Hello together,
On 11/5/21 22:34, Eric W. Biederman wrote:
I have to dash so this is short.
This is what I am thinking this change should look like.
I am not certain this is truly reviewable as a single change, so I will break it into a couple of smaller ones next time I get the chance.
I think we should concentrate to check the commit from Alexander.
What I did is to write two additional stress test apps - and now I'm able to trigger the use-after-free bug.
It is much simpler, the exclusion of exit_shm() and IPC_RMID didn't work - regardless if your approach or the approach from Alexander/myself is used.
+static inline void shm_clist_del(struct shmid_kernel *shp) +{
- struct task_struct *creator;
- rcu_read_lock();
- creator = rcu_dereference(shp->shm_creator);
- if (creator) {
task_lock(creator);
list_del(&shp->shm_clist);
task_unlock(creator);
- }
- rcu_read_unlock();
+}
shm_clist_del() only synchronizes against exit_shm() when shm_creator is not NULL.
list_del(&shp->shm_clist);
rcu_assign_pointer(shp->shm_creator, NULL);
We set shm_creator to NULL -> no more synchronization.
Now IPC_RMID can run in parallel - regardless if we test for list_empty() or shm_creator.

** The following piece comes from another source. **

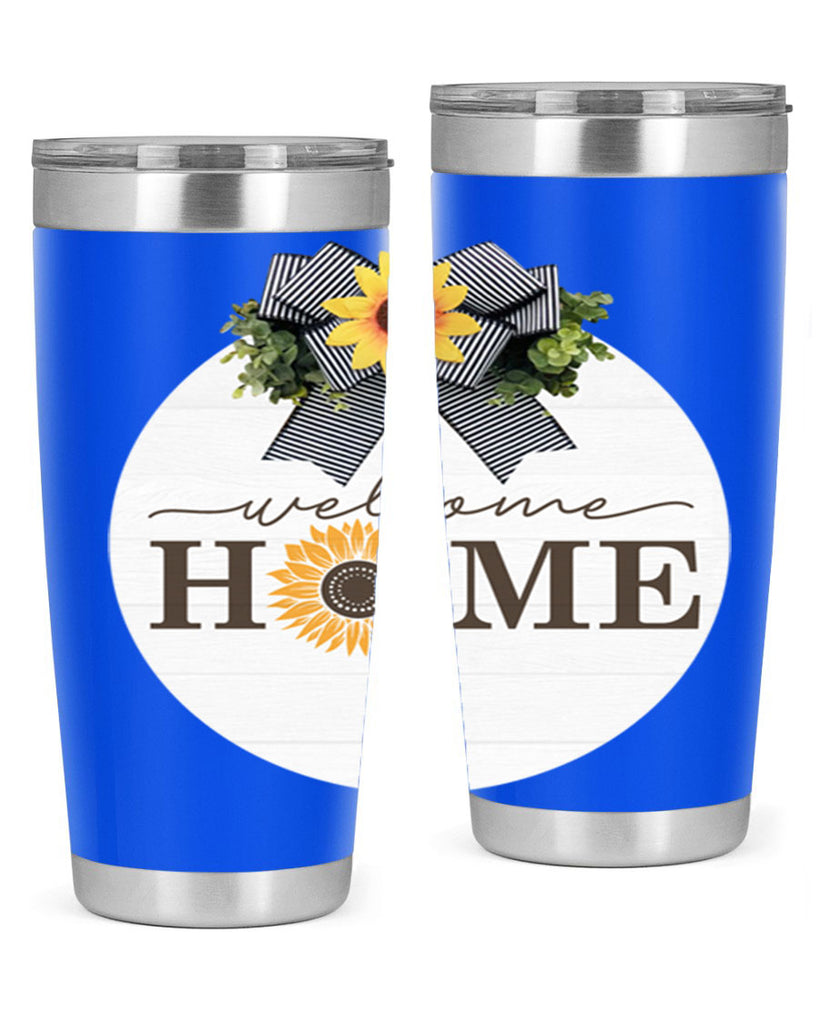 Welcome Home sunflower Mockup572#- spring- Tumbler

/* Guarantee shp lives after task_lock is dropped */
ipc_getref(&shp->shm_perm);
task_lock() doesn't help: As soon as shm_creator is set to NULL, IPC_RMID won't acquire task_lock() anymore.
Thus shp can disappear before we arrive at this ipc_getref.
[Yes, I think I have introduced this bug. ]
Corrected version attached.
I'll reboot and retest the patch, then I would send it to akpm as replacement for current patch in mmotm.
--
Manfred